Smarginatura and Eros
Smarginatura, or “dissolving margins,” is arguably the most fascinating concept in the series. The word is a typography term that means “bleeding” in English, i.e., cropping the borders of a page so the background extends to the edges. In the books, smarginatura first occurs during a New Year’s celebration in 1958 but is detailed during an earthquake in Naples in 1980. Lila describes it as a state where solid objects and bodies lose their defined edges, revealing what lies beneath.
There are many ways to interpret smarginatura. Some argue that the “margins” are societal norms around identity, expectations, and women’s roles (see, e.g., Lillestrand 2023), while others emphasize the feminist perspective, seeing them as the vulnerable boundaries of the female body and subjectivity under patriarchal control (see, e.g., Rousseva 2021).
I agree more with Natalie Bakopoulos’ approach centered on identities. In this model, the margins are boundaries of the self. Lila’s identity is precarious, like “a liquid that struggles to contain itself” (Ch. 53, Sec. 1, Vol. 4) because she tries so hard to stay within it, “shutting herself off within a suffocating perimeter” (Ch. 51, Sec. 2, Vol. 4), a defensive reaction to the oppression and truths of Naples. Thus, sudden and acute emotional or physical turmoil, like fireworks, an earthquake, or seeing a corpse, can shatter her boundaries and lead to a helpless state with feelings of chaos and annihilation. In contrast, Elena’s boundaries are more compartmentalized, and she navigates different aspects of her identity more straightforwardly. Her writing allows her to distinguish between various selves, thus finding a sense of autonomy.
The complex interplay of self and other in the series also reminds me of the Greek concept of eros. Plato famously discussed eros in three dialogues: Symposium, Phaedrus, and Lysis.
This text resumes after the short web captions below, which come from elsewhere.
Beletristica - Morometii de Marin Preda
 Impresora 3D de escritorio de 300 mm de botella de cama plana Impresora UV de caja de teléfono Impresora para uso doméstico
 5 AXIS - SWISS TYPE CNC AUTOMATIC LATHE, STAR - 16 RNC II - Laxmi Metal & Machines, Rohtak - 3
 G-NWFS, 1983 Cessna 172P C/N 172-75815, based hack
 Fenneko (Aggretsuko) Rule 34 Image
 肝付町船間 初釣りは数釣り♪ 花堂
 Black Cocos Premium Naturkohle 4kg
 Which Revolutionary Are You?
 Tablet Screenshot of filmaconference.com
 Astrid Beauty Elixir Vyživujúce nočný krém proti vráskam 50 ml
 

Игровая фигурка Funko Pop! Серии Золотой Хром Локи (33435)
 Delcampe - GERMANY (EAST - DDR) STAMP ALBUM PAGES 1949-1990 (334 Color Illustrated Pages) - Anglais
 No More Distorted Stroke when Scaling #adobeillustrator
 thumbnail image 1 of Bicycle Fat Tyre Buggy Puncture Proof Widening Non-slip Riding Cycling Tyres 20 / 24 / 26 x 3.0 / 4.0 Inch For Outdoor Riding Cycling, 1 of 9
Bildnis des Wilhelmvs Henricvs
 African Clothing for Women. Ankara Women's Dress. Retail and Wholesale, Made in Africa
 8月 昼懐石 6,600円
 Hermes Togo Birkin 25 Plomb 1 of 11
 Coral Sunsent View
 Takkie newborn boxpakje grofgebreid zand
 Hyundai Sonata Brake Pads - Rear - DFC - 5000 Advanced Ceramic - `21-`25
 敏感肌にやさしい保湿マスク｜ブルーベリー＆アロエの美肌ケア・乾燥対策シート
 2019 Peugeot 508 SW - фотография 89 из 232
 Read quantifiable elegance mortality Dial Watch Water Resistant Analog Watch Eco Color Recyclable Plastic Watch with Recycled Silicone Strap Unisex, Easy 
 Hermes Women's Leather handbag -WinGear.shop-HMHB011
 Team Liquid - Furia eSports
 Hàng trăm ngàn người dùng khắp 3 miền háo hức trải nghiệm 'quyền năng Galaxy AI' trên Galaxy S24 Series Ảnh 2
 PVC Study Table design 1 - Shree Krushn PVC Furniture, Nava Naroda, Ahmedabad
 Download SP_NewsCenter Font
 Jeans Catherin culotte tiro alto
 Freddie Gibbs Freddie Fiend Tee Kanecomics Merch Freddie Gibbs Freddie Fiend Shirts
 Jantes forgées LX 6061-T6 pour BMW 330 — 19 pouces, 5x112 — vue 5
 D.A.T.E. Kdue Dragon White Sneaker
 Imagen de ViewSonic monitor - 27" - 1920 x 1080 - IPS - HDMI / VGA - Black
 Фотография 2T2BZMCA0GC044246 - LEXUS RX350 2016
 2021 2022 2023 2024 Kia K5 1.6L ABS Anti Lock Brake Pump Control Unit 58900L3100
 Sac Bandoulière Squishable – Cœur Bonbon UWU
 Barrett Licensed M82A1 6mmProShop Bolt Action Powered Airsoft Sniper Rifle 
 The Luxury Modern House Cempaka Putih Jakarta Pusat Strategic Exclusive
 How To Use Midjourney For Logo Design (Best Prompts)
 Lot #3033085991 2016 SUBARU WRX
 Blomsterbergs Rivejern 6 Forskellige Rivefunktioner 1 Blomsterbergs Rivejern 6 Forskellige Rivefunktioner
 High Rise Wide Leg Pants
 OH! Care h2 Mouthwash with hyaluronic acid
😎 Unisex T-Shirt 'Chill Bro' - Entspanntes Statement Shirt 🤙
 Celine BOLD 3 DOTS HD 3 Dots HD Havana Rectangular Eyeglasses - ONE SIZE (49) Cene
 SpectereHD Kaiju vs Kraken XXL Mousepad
Although ostensibly about love — how eros is usually translated today — these dialogues also explore boundaries, rhetoric, and knowledge.
To understand their connection, it’s crucial to know that the object of eros needs not be a person. Eros concerns what is lacked and has been deprived (Ly., 221c); it is the desire to possess the good forever (Symp., 206a). As argued in Carson 1986, “eros is an issue of boundaries […] of flesh and self.” Eros is a lack that “alerts a person to the boundaries of himself, of other people, of things in general.” Lila, with her desire for control, experiences bodily dissolution that resonates with metaphors used by ancient Greek poets. For example, the god of desire is called “melter of limbs”; his glance is “more melting than sleep or death,” and the lover he victimizes is a piece of wax dissolving at his touch. This response is “the acute awareness of self that ensues from the reach of desire.”
Eros also relates to writing, as to write is to play with “imagination called forth in the space between you and your object of knowledge.” As Elena writes, she doesn’t control her narrative progression, and Lila’s perspective infiltrates her text, demonstrating the divine manic that comes with eros, which entails an takeover that teaches the real nature of the self (Phdr., 253a).
The final erotic characteristic comes with the way Ferrante crafts her narrative as she intentionally blurs the lines between the book Elena wrote and the book we are reading. In Carson’s words, novels institutionalize the ruse of eros, allowing the reader “to stand in triangular relation to the characters in the story and reach into the text after the objects of their desire, sharing their longing but also detached from it, seeing their view of reality but also its mistakenness. […] It is almost like being in love.”